Sept mois pour monter une usine, ce n'est pas beaucoup. (...) J'étais vraiment en pleine lancée.

Nicolas Decayeux

Où est passé l'argent public ? 

"Quand vous créez une industrie, ça coûte beaucoup d'argent. Pour la société WN, il n'y a pas eu un transfert d'actifs. Il y a eu la création d'une société. On a mis à ma disposition une dalle en béton et des équipes de salariés, dont je devais pratiquer la reconversion professionnelle. Pour ça, j'avais un projet de création de différentes activités sur trois ans. Mais comme je n'avais pas de chiffre d'affaires, il fallait absolument le financer. C'était un projet à 21 millions d'euros. Les protagonistes État, région, Whirlpool, se sont engagés à ce que je puisse financer ces trois ans. Pourquoi me suis-je arrrêté ? C'est parce qu'à un moment donné, on a arrêté ces financements."

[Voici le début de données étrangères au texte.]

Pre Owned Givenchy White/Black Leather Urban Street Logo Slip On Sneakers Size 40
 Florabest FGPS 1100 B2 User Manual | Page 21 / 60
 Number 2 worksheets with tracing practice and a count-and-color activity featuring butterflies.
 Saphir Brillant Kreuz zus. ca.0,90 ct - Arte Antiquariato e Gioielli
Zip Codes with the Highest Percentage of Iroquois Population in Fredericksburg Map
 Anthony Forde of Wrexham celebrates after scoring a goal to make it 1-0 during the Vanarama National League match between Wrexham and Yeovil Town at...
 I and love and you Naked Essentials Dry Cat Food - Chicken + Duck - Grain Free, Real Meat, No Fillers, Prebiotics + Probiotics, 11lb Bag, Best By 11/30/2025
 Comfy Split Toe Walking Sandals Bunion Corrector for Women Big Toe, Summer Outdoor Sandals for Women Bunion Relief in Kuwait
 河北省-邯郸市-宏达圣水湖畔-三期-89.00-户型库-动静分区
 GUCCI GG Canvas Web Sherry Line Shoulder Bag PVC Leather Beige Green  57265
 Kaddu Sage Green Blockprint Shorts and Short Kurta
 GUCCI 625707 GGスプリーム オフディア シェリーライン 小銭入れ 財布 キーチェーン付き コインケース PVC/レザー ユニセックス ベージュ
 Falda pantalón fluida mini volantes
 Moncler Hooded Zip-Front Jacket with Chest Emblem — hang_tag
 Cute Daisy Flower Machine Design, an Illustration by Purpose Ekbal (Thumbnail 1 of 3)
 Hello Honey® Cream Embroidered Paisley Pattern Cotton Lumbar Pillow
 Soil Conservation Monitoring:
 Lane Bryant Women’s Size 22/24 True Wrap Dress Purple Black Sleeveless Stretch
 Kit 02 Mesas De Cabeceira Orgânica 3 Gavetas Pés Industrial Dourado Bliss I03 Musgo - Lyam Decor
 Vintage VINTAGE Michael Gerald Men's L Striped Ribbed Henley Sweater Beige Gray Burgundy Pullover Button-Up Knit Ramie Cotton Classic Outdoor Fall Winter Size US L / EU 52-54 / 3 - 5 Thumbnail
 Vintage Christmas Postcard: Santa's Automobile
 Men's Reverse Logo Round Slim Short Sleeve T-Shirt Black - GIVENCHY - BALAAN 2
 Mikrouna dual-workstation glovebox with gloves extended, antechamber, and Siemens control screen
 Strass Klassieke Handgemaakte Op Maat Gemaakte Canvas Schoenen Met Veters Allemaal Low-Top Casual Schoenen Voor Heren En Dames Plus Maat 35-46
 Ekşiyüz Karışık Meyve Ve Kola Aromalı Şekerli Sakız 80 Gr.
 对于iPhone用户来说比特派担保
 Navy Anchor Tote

Dans votre livre, vous estimez que l'État, la région, Whirlpool n'ont pas joué leur rôle. Que leur reprochez-vous ?

"De s'être arrêtés. On était en plein lancement de l'entreprise, les équipements étaient installés. Sept mois pour monter une usine, ce n'est pas beaucoup. Installer des machines mécaniques, mettre en place des chaînes de montage, former des salariés, ce n'est vraiment pas beaucoup. J'étais vraiment en pleine lancée. On avait monté en l'espace de trois semaines un atelier pour monter des ascenseurs, on était en capacité de fabriquer des voitures sans permis et on fabriquait ces fameux shopping box. Et je ne parle pas de tous les dossiers techniques que je cite dans le livre, que nous étions en train d'industrialiser. Parce que les gens de Whirlpool, c'était vraiment des super champions de l'industrie."